A long-planned Oak Creek land swap involving Milwaukee County and Northwestern Mutual is likely to be completed by late September, said Milwaukee County Parks Director Sue Black.
"It's made it through the County Board," said Black, who noted the prospect has involved more than five years of work, "at least," to this point.
Under the plan, the county would convey to Northwestern Mutual 60 acres at the northwest corner of Drexel Avenue and Interstate 94. Northwestern Mutual would, in turn, transfer to the county 105 acres on the south side of Drexel - a band of land that stretches south between 20th Street and I-94.
"We're trading out some property that doesn't have the natural-area elements like what we're getting," she added. "We're very excited."
The land the county is getting is special, Black said, because it's "a one-of-a-kind natural area" in an urban setting.
The county may seek to have the state designate it as a state natural area, which would offer further protections, she said.
Jim Ritchie, a grant program manager for the state Department of Natural Resources, said the property the county is receiving is known as the Esch-Honadel Woods, which he described as "pristine woodlands and very high-quality life habitat."
Though it is privately owned, "the really exceptional thing about it is that it's (been) undisturbed for a long, long time."

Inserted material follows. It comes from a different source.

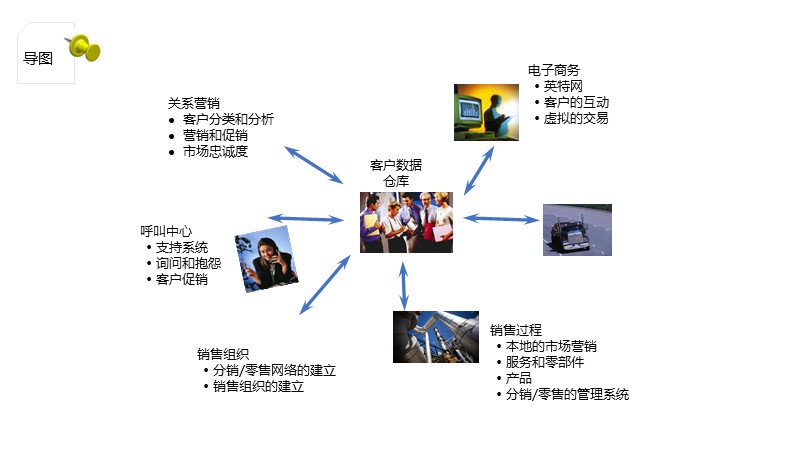 制作一图读懂的ppt模板,空白ppt到精美ppt模板制作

The woodland is made up of 10 parcels, and only a portion of it is actually owned by Northwestern Mutual, said Kevin Kennedy, director in real estate investment for Northwestern Mutual.
Kennedy said the company has contracts to purchase the pieces owned by other parties that stipulate it must be used for parkland. In a sense, the company is collecting the pieces to convey them to the county.
What company is getting
The 70-acre property north of Drexel that Northwestern Mutual is receiving is grassland that was formerly farmed, said Ritchie.
No money is involved in the trade, Black and Kennedy said. Because the 70-acre parcel now owned by the county was purchased at least partially with federal funds, issued in the 1970s to augment Falk Park, the transfer of the property must adhere to certain rules, Ritchie said.
It must be traded for acreage that is at least equal to the acreage it holds; it must not exceed the assessed value of the property traded for; and it must have at least the same recreational utility, he said.
The DNR is now reviewing that it meets those standards, Ritchie said.
It was the county approached the financial services firm about the swap, said Northwestern Mutual spokesman Mark Lucius.
Kennedy and Lucius said the company does not have a plan at this time for the property. Kennedy said future development is possible, noting the property is highly visible from I-94. Ramps under construction at Drexel and I-94 will make it easily accessible from the freeway.
Northwestern Mutual has a campus in Franklin, at the northwest corner of Drexel and 27th Street. It also owns 120 acres of undeveloped land on the east side of 27th Street in Oak Creek. The land is separated slighty from the property it would receive by parts of Falk Park.
Lucius and Kennedy said any development of the new property would not be an expansion of Northwestern Mutual's Franklin operations.
The city of Oak Creek is a minor player in the land swap, as some land it owns will also be conveyed to the county.
"The big picture is that property most suitable for development will end up in Northwestern Mutual's hands, and the property most suitable … for environment will end up in the county's hands," said City Administrator Gerald Peterson.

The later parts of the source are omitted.